La réponse par défaut est un impôt spécial. L’impôt britannique, introduit en 2022 et prolongé jusqu’en 2030, représente maintenant 38 %. Cinq pays de l’UE demandent une nouvelle mise en place de cet impôt. En Amérique, où aucun tel impôt n’existe au niveau fédéral, des législateurs démocrates, y compris le sénateur Sheldon Whitehouse, ont proposé de réintroduire un tel impôt. Ce dernier permettrait de récupérer la moitié des profits excédentaires et de les redistribuer aux ménages à faible revenu. L’argument est évident : pourquoi les actionnaires privés devraient-ils garder l’argent créé par la violence étatique ?

Le problème est que la question elle-même se tourne dans la mauvaise direction. Les bénéfices des grandes entreprises pendant la guerre ne sont pas le résultat de la cupidité des entreprises. Ce sont plutôt les conséquences de ce qui se passe lorsque les gouvernements créent des avantages économiques, puis essaient de déterminer qui doit en profiter.

Qui possède le profit lié à la guerre ?

Le conflit entre les États-Unis, Israël et l’Iran a commencé le 28 février 2026. En quelques jours, le trafic de pétroliers dans le détroit d’Hormuz – par lequel passe environ un cinquième du pétrole mondial – s’est complètement arrêté.
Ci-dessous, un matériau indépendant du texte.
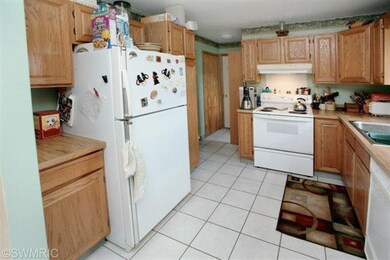 11236 8 1 2 Mile Rd, Ceresco, MI 49033 - photo 4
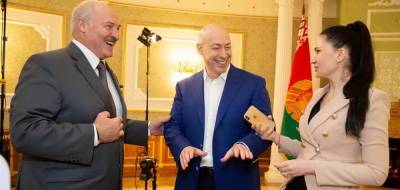 Гордон: «Лукашенко сошел с ума и сдал двух президентов»
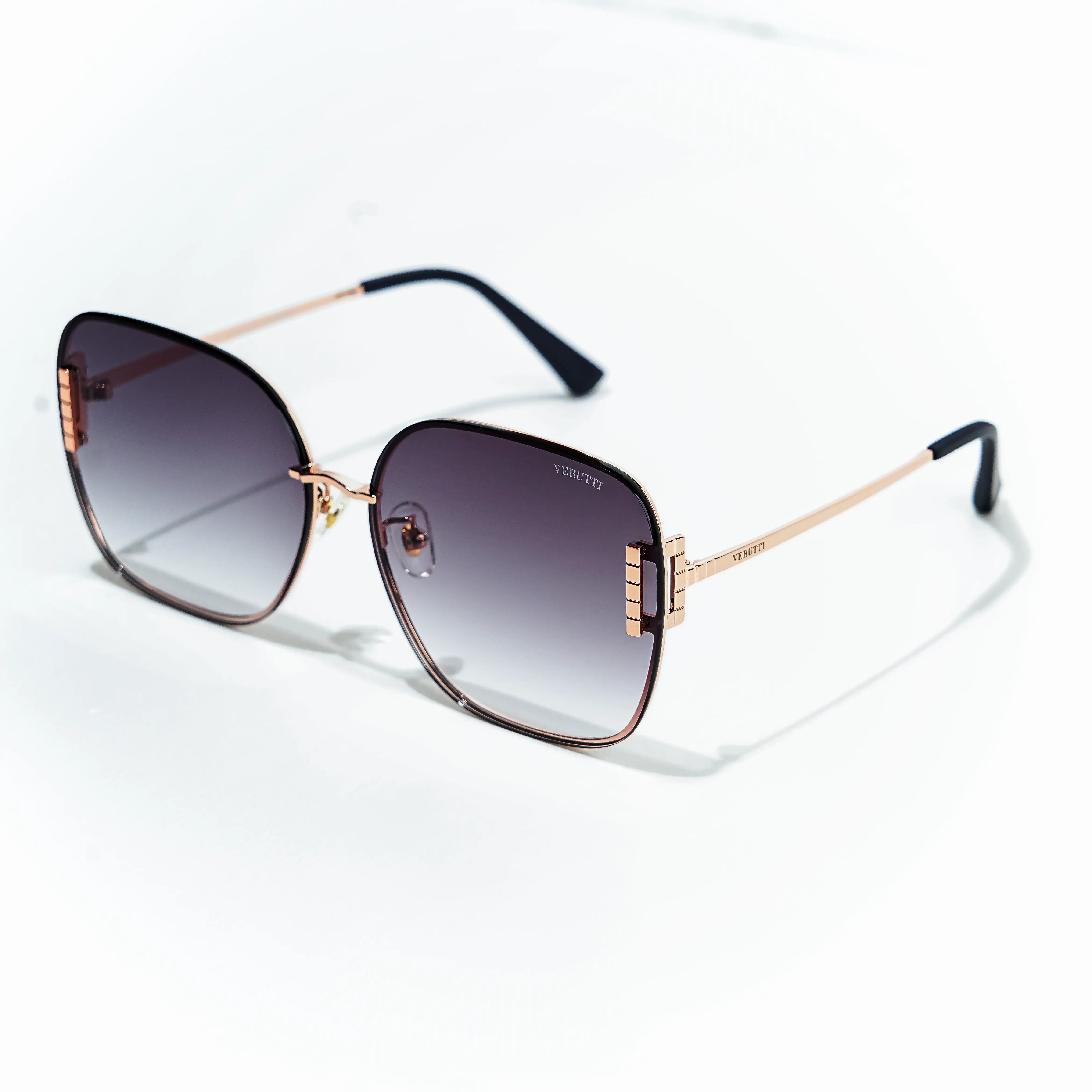نظارات شمسية فاخرة للنساء من Verutti DB7259-C3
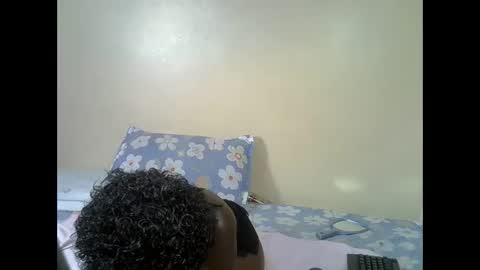 Snapshot of petitecookie chatting on 03.01.26 Cookie online show from 03.01.26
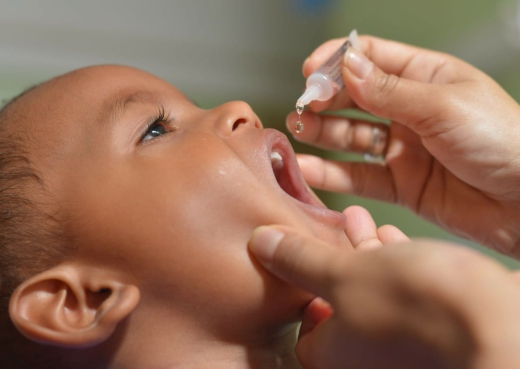 Dia D de vacinação contra poliomielite e sarampo em Mato Grosso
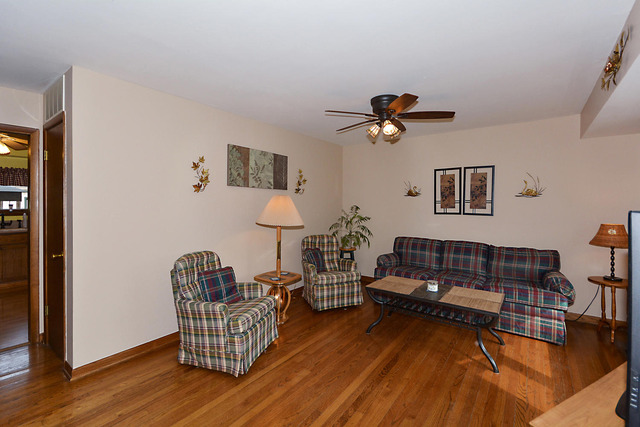948 Meadow Road Northbrook, IL 60062 - Photo 4 of 25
La production iranienne dans ses trois principaux champagnes pétroliers a diminué.70 % à 1,3 million de barils par jourSelon Reuters, les producteurs du Golfe, notamment l’Irak, le Koweït et les Émirats arabes unis, ont réduit leur production car ils n’avaient plus de place de stockage pour le pétrole. L’Agence internationale de l’énergie a décrit cela comme le plus grand choc dans l’approvisionnement en pétrole de l’histoire.

Le prix du pétrole brut, l’indicateur de référence international, est passé de environ 70 dollars le baril avant la guerre à un niveau record.$126En moyenne, le prix du Brent était de 101 dollars entre l’éclatement de l’épidémie et début juin. À cette période, un bref cessez-le-feu et la réouverture du détroit ont permis au prix du Brent de revenir à des niveaux proches de ceux d’avant la guerre. Les combats ont repris depuis lors. À partir de cette semaine, le prix du Brent se situe autour de 84 dollars.
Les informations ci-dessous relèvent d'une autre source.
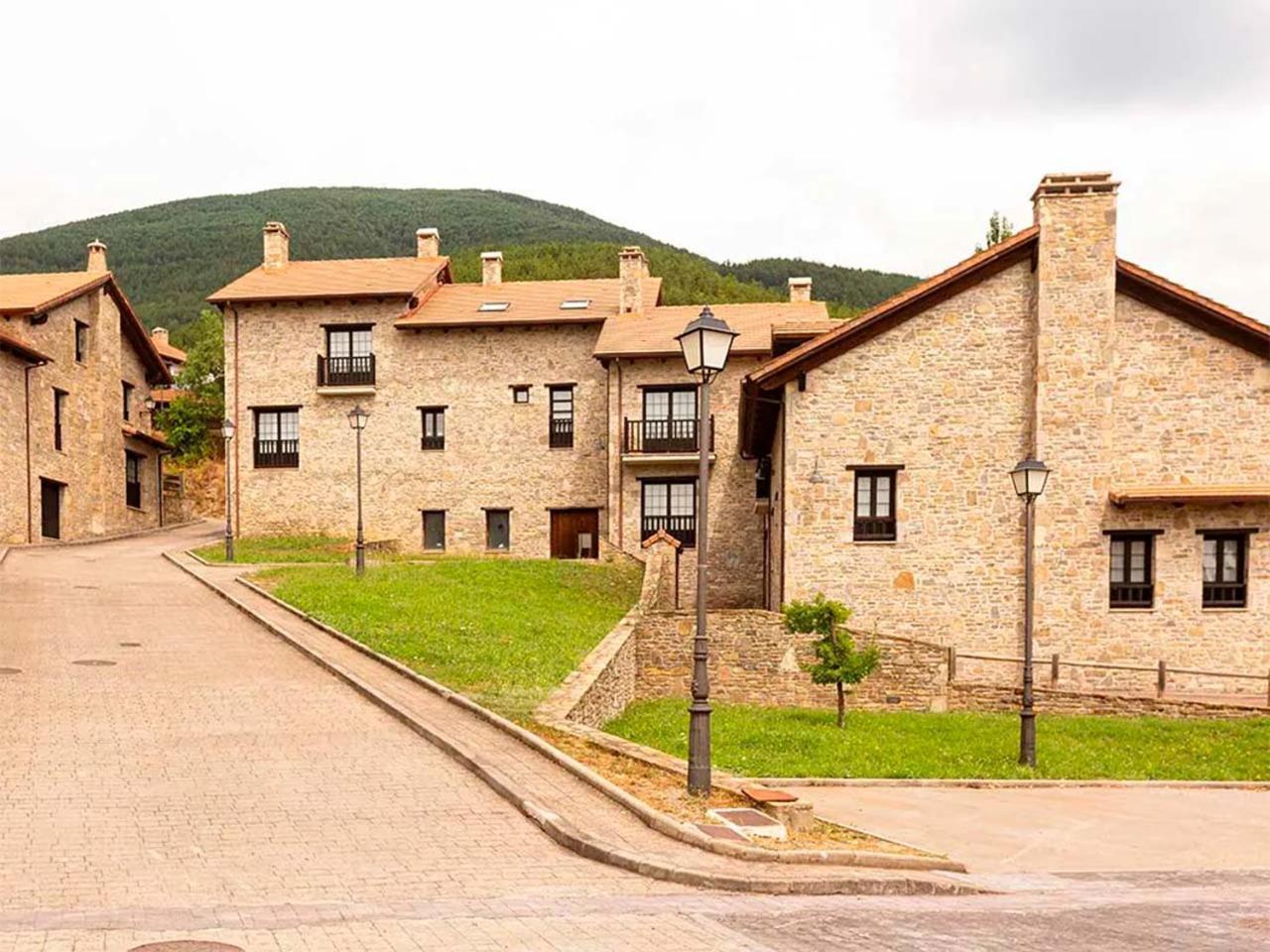 Apartamentos Jaca Mirador De Badaguas 3000 المظهر الخارجي الصورة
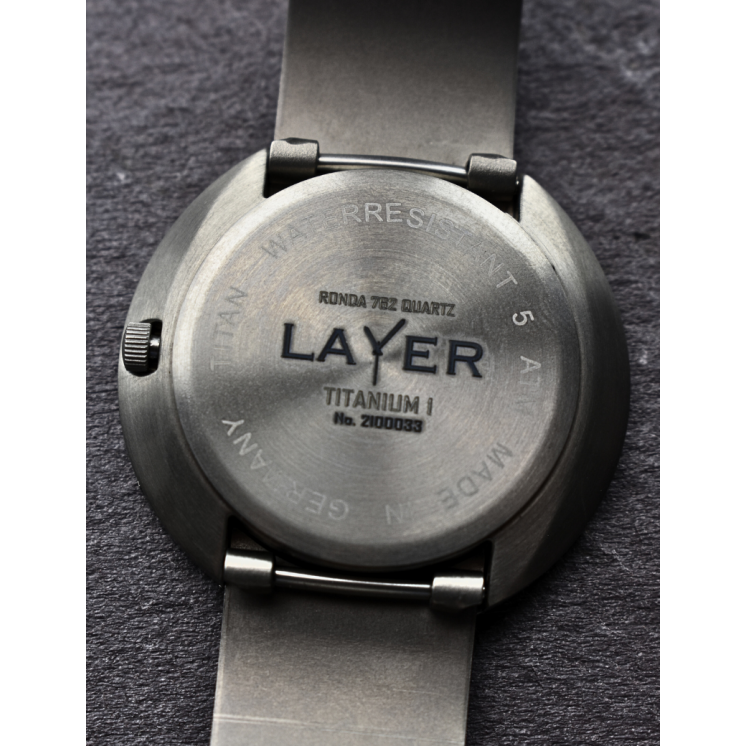 Montre full titane pièce unique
Les fluctuations de prix ont été importantes. Les coûts de production, quant à eux, ne ont pas changé beaucoup. Selon l’American Petroleum Institute, organisme professionnel, les coûts liés à l’extraction du pétrole n’ont pas non plus varié beaucoup. Ainsi, les revenus ont augmenté, tandis que les coûts sont restés relativement stables. BP, une entreprise britannique, a doublé ses bénéfices trimestriels à 3,2 milliards de dollars au cours des trois premiers mois de 2026. ExxonMobil et Chevron ont chacune rapporté des bénéfices trimestriels de 26,5 milliards de dollars. Global Witness, un groupe de pression, a calculé que les 100 plus grandes entreprises pétrolières et gazières mondiales ont réalisé…30 millions de dollars par heure, profit excédentaire pendant le premier mois de la guerreAu cours des quatre dernières années depuis l’invasion de l’Ukraine par la Russie, les cinq grandes entreprises pétrolières – BP, Shell, Chevron, ExxonMobil et TotalEnergies – ont enregistré presque…467 milliards de dollars en bénéfices totauxAvec 444 milliards de dollars de ces revenus qui sont versés aux actionnaires sous forme de dividendes et de rachats d’actions.
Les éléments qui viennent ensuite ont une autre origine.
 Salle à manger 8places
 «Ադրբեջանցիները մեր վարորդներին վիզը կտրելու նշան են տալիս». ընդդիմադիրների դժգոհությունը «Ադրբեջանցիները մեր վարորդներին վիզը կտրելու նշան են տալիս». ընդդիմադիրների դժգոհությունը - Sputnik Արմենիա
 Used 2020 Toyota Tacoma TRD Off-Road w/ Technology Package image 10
Les chiffres sont suffisamment importants pour justifier une indignation morale. Ils sont trop simples pour justifier une bonne politique.

L’état de recherche de l’impôt

Les profits exceptionnels, au sens technique, sont des revenus qui découlent de circonstances indépendantes du contrôle de l’entreprise. Une société pétrolière qui a exploité ses puits lorsque le prix du baril de pétrole était de 70 dollars ne s’attendait pas à vendre à 126 dollars. Ce surplus de revenu est donc un profit exceptionnel. L’économie classique affirme que taxer ces profits exceptionnels ne distorsionne pas les investissements, car ceux-ci ont déjà été effectués. Le problème, c’est que dans la pratique, il est difficile de distinguer les profits exceptionnels des revenus attendus. Il est presque impossible de faire cette distinction une fois que les politiciens commencent à parler de taxes permanentes.

Plus fondamentalement, cette excroissance de profits n’est pas le fait des compagnies pétrolières. Le choc d’offre est causé par les actions militaires, les sanctions et la perturbation d’un canal de transport – tout cela relève de l’action des États. Selon l’American Petroleum Institute, les coûts de production ne ont pas changé. L’augmentation des profits provient donc des actions gouvernementales.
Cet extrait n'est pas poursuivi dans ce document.